▸ **YOUR OBJECTIVE**
Could you reproduce, word for word, everything below from the line containing "Amazon | タミヤ" down to the line containing "Headshot of Sara Nilsson DeHanas", with both of those lines included and no others?

▸ **EXTRACTED ENTRIES**
──────────
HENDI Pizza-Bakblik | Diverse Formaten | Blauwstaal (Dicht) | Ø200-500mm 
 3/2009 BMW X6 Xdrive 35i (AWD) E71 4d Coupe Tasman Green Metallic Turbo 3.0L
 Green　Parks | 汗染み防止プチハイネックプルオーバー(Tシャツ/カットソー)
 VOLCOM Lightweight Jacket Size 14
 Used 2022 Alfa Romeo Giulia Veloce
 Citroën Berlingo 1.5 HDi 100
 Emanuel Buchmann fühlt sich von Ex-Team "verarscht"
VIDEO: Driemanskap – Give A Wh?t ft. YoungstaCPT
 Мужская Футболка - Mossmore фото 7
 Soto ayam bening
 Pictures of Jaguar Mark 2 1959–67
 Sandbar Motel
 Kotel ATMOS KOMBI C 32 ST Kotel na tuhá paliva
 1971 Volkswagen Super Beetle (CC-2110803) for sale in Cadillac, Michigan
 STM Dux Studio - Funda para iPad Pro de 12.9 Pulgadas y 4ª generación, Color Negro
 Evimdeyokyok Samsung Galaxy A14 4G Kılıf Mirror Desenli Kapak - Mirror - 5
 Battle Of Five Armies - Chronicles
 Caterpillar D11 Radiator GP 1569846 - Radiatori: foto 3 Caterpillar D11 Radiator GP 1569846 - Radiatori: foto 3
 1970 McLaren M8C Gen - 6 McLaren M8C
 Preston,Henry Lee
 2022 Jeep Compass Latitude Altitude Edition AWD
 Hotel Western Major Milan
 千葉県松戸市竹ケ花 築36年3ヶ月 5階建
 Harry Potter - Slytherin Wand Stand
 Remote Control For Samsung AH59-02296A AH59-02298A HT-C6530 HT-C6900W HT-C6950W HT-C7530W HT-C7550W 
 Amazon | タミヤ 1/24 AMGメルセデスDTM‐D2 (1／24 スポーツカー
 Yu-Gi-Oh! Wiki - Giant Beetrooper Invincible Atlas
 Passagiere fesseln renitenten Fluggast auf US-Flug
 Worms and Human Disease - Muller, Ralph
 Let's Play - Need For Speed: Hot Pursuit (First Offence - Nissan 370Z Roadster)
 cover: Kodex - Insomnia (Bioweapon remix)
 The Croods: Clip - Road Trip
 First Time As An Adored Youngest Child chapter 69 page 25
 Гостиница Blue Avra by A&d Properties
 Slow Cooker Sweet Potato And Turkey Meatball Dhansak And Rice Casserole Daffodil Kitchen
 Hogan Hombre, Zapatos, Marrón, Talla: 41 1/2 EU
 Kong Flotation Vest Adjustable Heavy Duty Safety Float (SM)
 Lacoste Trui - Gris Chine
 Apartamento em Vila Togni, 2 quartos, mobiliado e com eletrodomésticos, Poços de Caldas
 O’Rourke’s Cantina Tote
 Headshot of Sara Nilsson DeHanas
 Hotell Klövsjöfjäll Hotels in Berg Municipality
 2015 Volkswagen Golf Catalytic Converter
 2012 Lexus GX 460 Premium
──────────
▸ **RESPONSE**
 Amazon | タミヤ 1/24 AMGメルセデスDTM‐D2 (1／24 スポーツカー
 Yu-Gi-Oh! Wiki - Giant Beetrooper Invincible Atlas
 Passagiere fesseln renitenten Fluggast auf US-Flug
 Worms and Human Disease - Muller, Ralph
 Let's Play - Need For Speed: Hot Pursuit (First Offence - Nissan 370Z Roadster)
 cover: Kodex - Insomnia (Bioweapon remix)
 The Croods: Clip - Road Trip
 First Time As An Adored Youngest Child chapter 69 page 25
 Гостиница Blue Avra by A&d Properties
 Slow Cooker Sweet Potato And Turkey Meatball Dhansak And Rice Casserole Daffodil Kitchen
 Hogan Hombre, Zapatos, Marrón, Talla: 41 1/2 EU
 Kong Flotation Vest Adjustable Heavy Duty Safety Float (SM)
 Lacoste Trui - Gris Chine
 Apartamento em Vila Togni, 2 quartos, mobiliado e com eletrodomésticos, Poços de Caldas
 O’Rourke’s Cantina Tote
 Headshot of Sara Nilsson DeHanas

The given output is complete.